Had mine done 12 years ago along with my wife, been great.

My advice though is go to Moorfields to get it done. Moorfields is a world leading eye hospital and basically was the original place where laser surgery was pioneered in the UK. It is the best training hospital in the UK for eye surgeons (you'll notice how many eye surgeons carrying out this type of surgery look to identify their training/qualifications from Moorfields. They also probably have the best facilities as well.

In terms of what happens, usually you have a pre appointment where your eyes are tested to ensure that you are suitable for the procedure, that starts off like a normal eye test/annual contact lens check, but goes on a little longer with lots of eye drops. Then the surgeon will have a chat with you to discuss what your expectations are and what is and importantly might not be possible. It isnt a sales pitch, but genuine assessment so you can be sure you know what is possible and understand the potential risks.

If you are happy and the surgeon is happy, then you book the appointment. On the day you'll be told to bring someone with you to help you get home. You will need sun glasses and wont be able to use the tube when you leave.

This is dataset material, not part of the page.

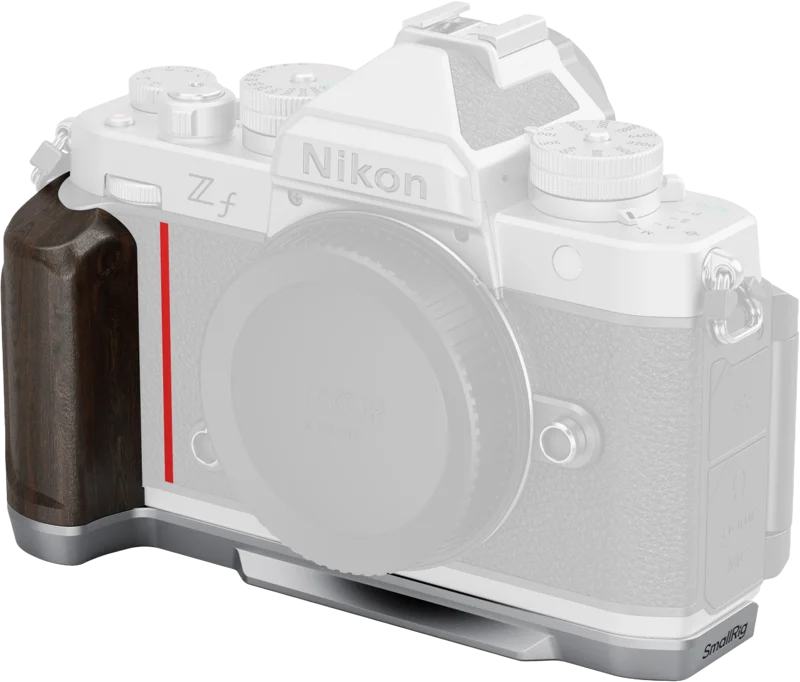 SmallRig 5707 L-Shaped Mount Plate with Wooden Handle for Nikon Z f Silver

The surgery itself is actually very quick. Before it starts you will get lots on anesthetic drops in your eyes to numb things up and keep things moist. You'll then be placed in a chair a bit like a dentist in some respects, and you be made immobile from the neck up. After that they will tape up your eye lids to keep them open - this doesnt hurt at all as your eyes are totally numb.
The surgeon then lifts a small flap of skin from your eye - again this doesnt hurt, you feel some pressure on your eye as its done, then you lose focus as everything goes blurry. The surgeon then asks you to look at the red light and you hear a clicking sound. After 10-20 seconds that stops and the surgeon flips back the skin and everything is blurry - but you can see, but everything is a bit teary. Its not at all painful (keep underlining this point) because of the anesthetic. Then the other eye is done and same process followed.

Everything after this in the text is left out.